British PM set to break EU referendum pledge

August 31, 2007

Prime Minister Gordon Brown looks set to break Labour's 2005 election manifesto pledge to hold a referendum before Britain signs up to a new European Union constitution. At an August 22 press conference with German leader Angela Merkel, Brown announced that there was no need to hold a referendum and that the matter would instead be decided by parliament.

Brown is claiming that there is no need for a referendum because the document his government is planning to sign up to is not a constitution, but rather a "reform treaty". However, leading trade unionists believe that the changes are insignificant and in some cases merely verbal.
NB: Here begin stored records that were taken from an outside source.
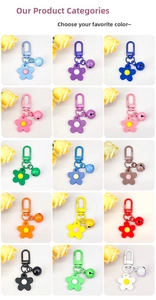 Matrix display of colorful flower-shaped metal keychains with matching bells in 15 vibrant hues
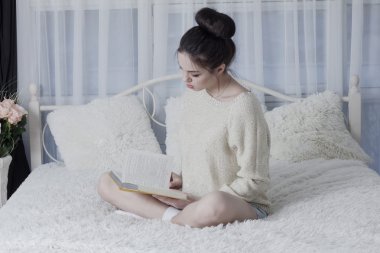 Yatakta evde oturan ve bir kitap aracılığıyla leafing kız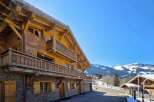 Discover the charm of this stunning wooden chalet, perfectly nestled in a picturesque mountain setting.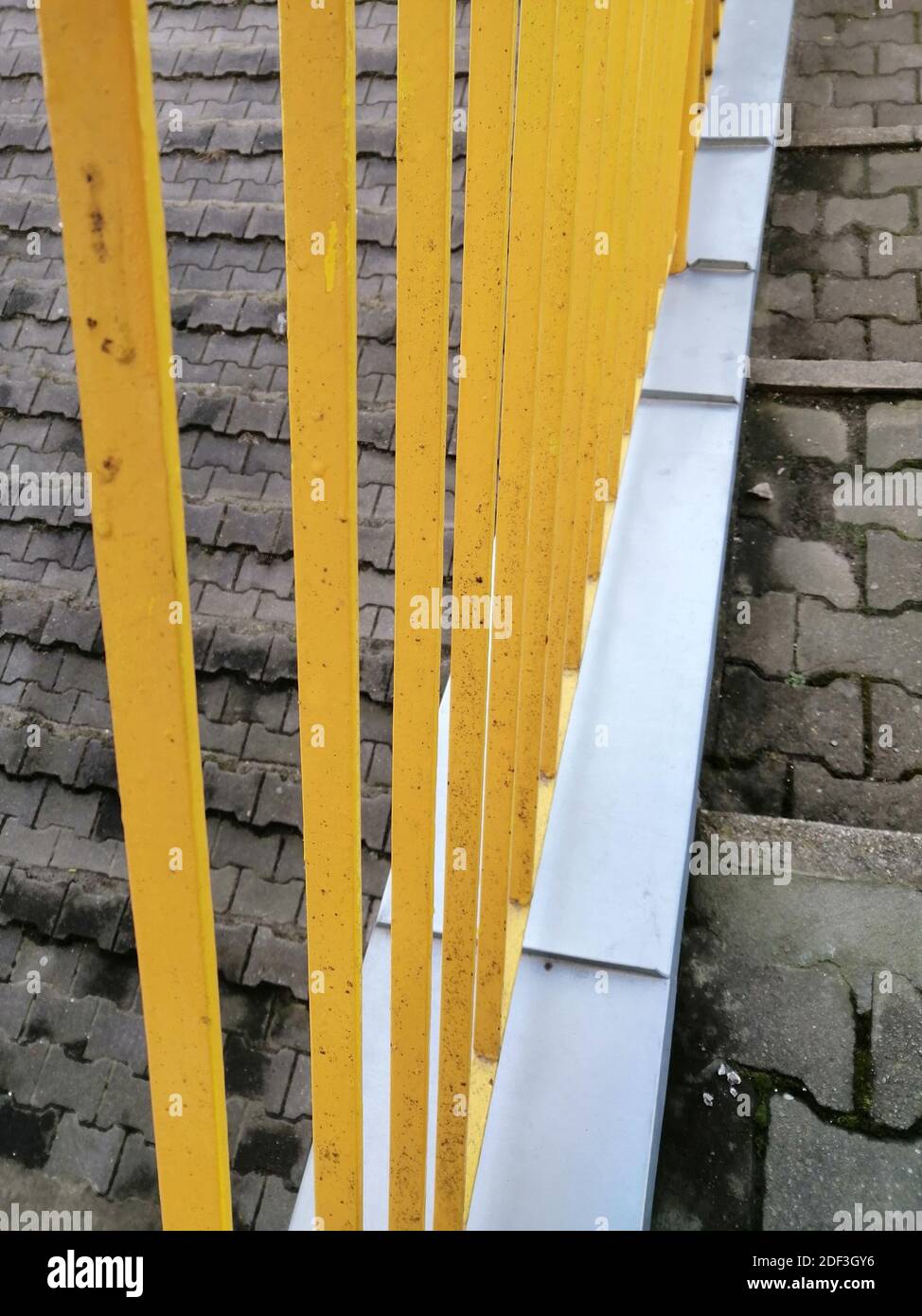 Colpo verticale di una recinzione metallica gialla attaccata alle scale Foto Stock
The August 25 Morning Star quoted Bob Crow, leader of the Rail, Maritime and Transport (RMT) union, as saying, "Whatever you call the EU treaty, it contains the same anti-democratic mix that was in the constitution killed off by French and Dutch votes in 2005".
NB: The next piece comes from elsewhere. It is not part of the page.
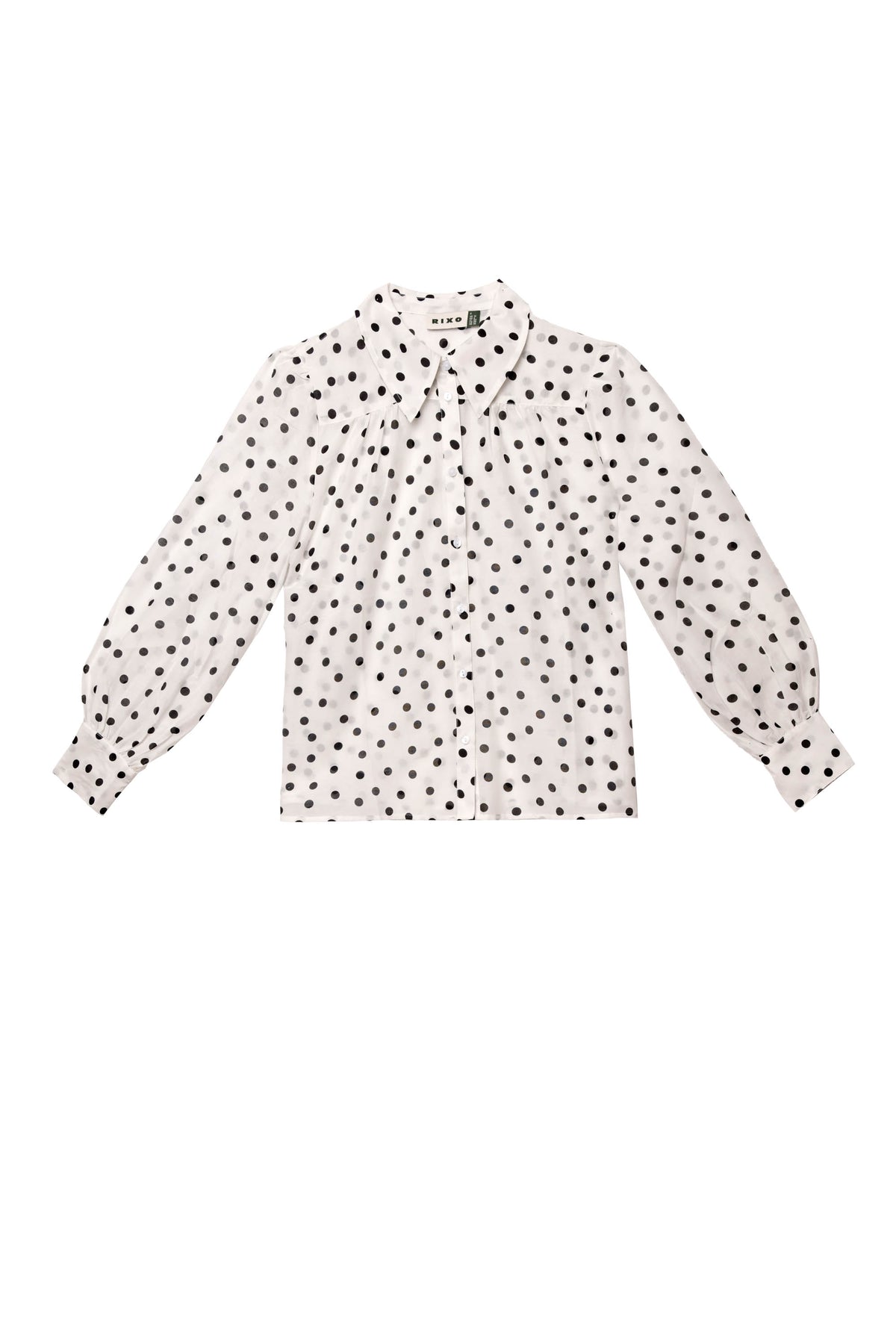Blake - Bohemia Spot Top: white cotton-voile long-sleeve shirt with black polka dots, exaggerated collar, button-up front, and cuffed sleeves shown laid flat on a white background.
Glasgow South Labour MP Ian Davidson agreed with Crow's assessment: "The changes include items such as the title of the document, taking out things about the flag, anthem and a Europe day, calling the foreign minister something else, but other than that it's essentially the same."

Dave Prentis, leader of UNISON (Britain's largest public service union), told the Star that unions throughout Europe "have fought tooth and nail to protect their own public services against repeated attempts by European leaders and officials to sell out to foreign business". With right-wing governments in power like Merkel's and Nicolas Sarkozy's in France, the backdoor constitution threatened to become "a borderless blueprint for privatisation". According to a spokesperson for the transport and general (T&G) section of the Unite union quoted in the paper, the treaty "would serve to undermine workers' rights rather than strengthen them".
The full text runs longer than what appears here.